To assist source code processing prior to compilation, certain symbols are reserved for exclusive use by external source code processing utilities.

UtilityReserved Symbols
Modula-2 Template Engine## @@ <# #> // /* */
Character Set Transliterators/= +> (. .) (: :) (= =) ?/ ?< ?! ?- ?. ?= ?* ?: ?? ??? ?, ?,, ?> ?+ ?;

1.8.5 Other Symbols

Any special symbols not specifically reserved shall be considered reserved for possible future use or taboo.

1.9 Lexical Parameters

1.9.1 Length of Literals

The minimum lengths of literals a conforming implementation shall support are:

  • for string literals, 160 characters
  • for character code literals, 6 digits
  • for whole number literals, 24 digits
  • for real number literals, 64 digits

The fractional part of a real number literal may be truncated. If it is truncated, a soft compile time warning shall be emitted.

If a string literal, a character code literal, a whole number literal or the significand or exponent of a real number literal is longer than an implementation is able to process, a compile time error shall occur.
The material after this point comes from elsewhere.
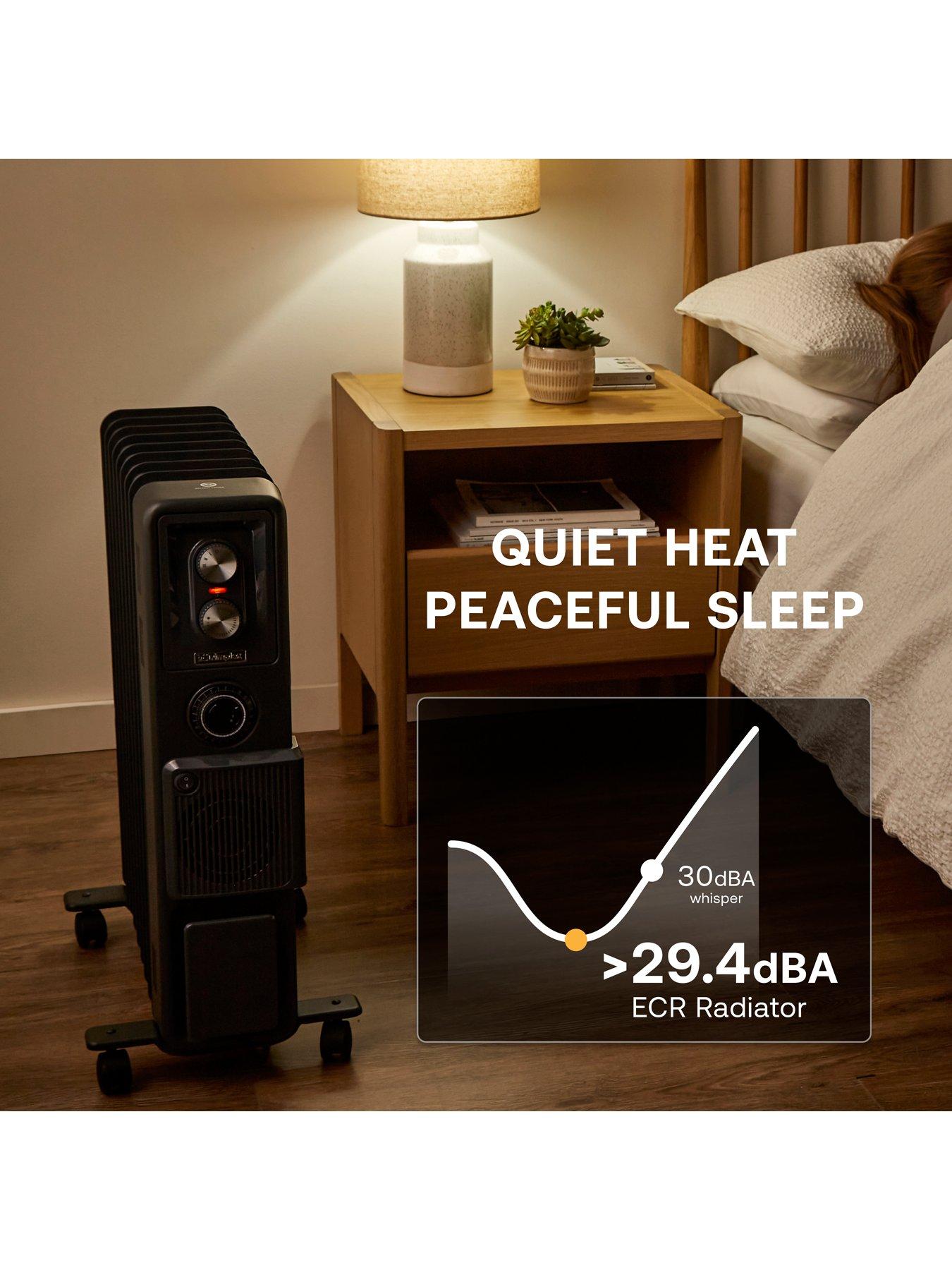 Image 4 of 8 of Dimplex 2.4kW Oil Free Portable Radiator, Eco Mode, 24hr Timer, Turbo Fan Electric Heater, ECR24TIFB Black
1.9.2 Length of Identifiers and Pragma Symbols

The minimum lengths of identifiers and pragma symbols a conforming implementation shall support are:

  • for identifiers, 32 characters
  • for pragma symbols, 32 characters

If an identifier or a pragma symbol exceeds the maximum length supported by the implementation, it may be truncated to the maximum supported length. If it is, a soft compile time warning shall occur.

1.9.4 Length of Comments

An implementation that generates source code of another language may choose to preserve comments by copying them into the output. In this case, the implementation may limit the length of comments copied into the output. The minimum lengths of comments to be fully preserved that such an implementation shall support are:

  • for line comments, 250 characters
  • for block comments, 2000 characters

If a comment to be preserved exceeds the maximum length supported by the implementation, it may be truncated to the maximum supported length. If it is truncated, a soft compile time warning shall occur. If a nested block comment is truncated, an implementation shall insert all closing comment delimiters that would have been lost as a result of truncation.

1.9.4 Line and Column Counters

An implementation may limit the capacity of its internal line and column counters. The minimum values a conforming implementation shall support are:

  • for the line counter, 65000
  • for the column counter, 250

In the event that a source file being processed exceeds the supported counter limits, an implementation may either continue or abort compilation. A soft compile time warning shall occur if the implementation continues. A fatal compile time error shall be emitted if the implementation aborts.

1.9.5 Lexical Parameter Constants

Actual lexical parameters shall be provided as constants in standard library module LexParams.